Wednesday, August 3, 2005

Contrast Editorials on Bolton

My two favorite newspapers, the Washington Post, and the Chicago Tribune, both of which I have trouble reading through and through on Sunday mornings, simply for the massive amount of news coverage, had different takes in their editorials on John Bolton’s recess appointment –

From the Post:

Under the Constitution, the president has the power to appoint officers during congressional recesses without seeking Senate confirmation and to have those officers serve through the end of the Congress--which in this case means until January 2007. Using that power to circumvent the normal advice-and-consent process is politically provocative and should be quite rare. But having thwarted the usual process under which the Senate gets to vote on a president's nominee, it takes a bit of chutzpah for Democrats now to cry foul at Mr. Bush's decision to exercise his other option.
From the Trib:

The end-run appointment of John Bolton as U.S. ambassador to the United Nations is sure to create a nasty embarrassment. The question is who will be embarrassed--those who support Bolton or those who loathe him. . . .

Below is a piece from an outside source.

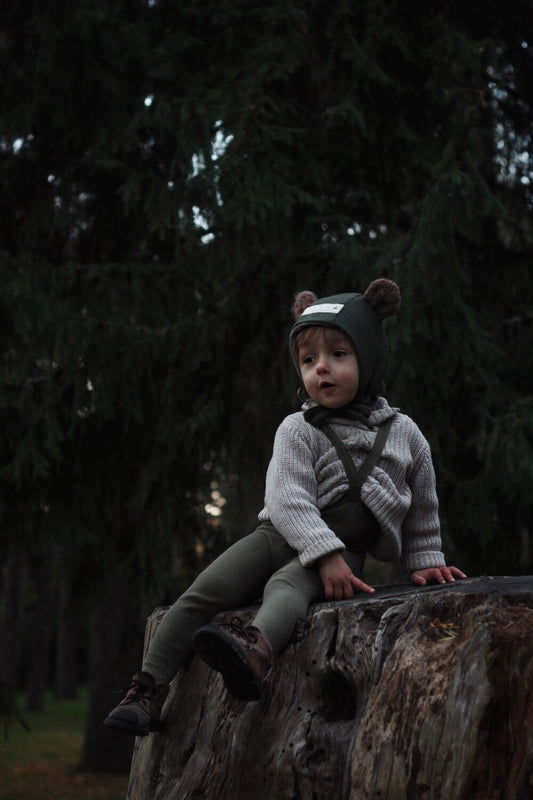 FOREST BEAR WOOL BONNET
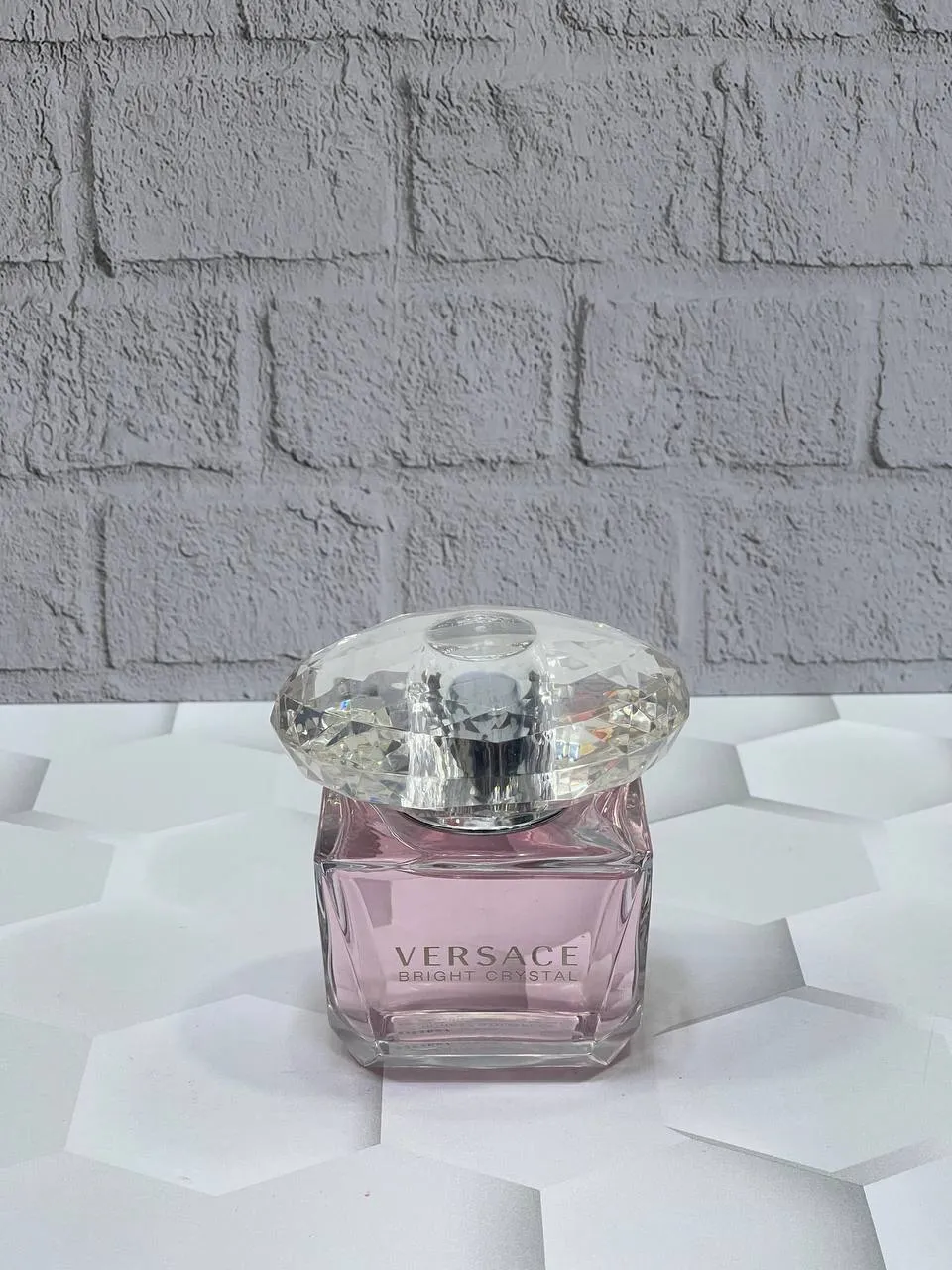 ادکلن ورساچه صورتی-برایت کریستال Versace Bright Crystalاصل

If Bolton behaves like the bullying hothead his critics say he is, he will alienate the diplomats of other nations and signal to the world that the Bush administration doesn't care a whit if the UN headquarters campus flops into New York's East River. . . . If Bolton emerges as a force for a more accountable and ambitious UN, it is his critics who'll have to eat the crow.
The Washington Post actually nails it -- Under the Constitution – an opening phrase that reminds the reader about a basic civics lesson.

Perhaps if the public schools rededicated themselves to a curriculum of civics, J-school students would have a better foundation to build their craft.

The Chicago Tribune seems to be riding the fence. Their opening phrase of Bolton was termed an end-run.

So, by abiding by the U.S. Constitution, the President has skirted the U.S. Constitution? C’mon.

In those terms, Roe v. Wade was a QB roll-out option, fake pitch wide to the tailback, reverse hand-off to the split-end in motion to the weak-side.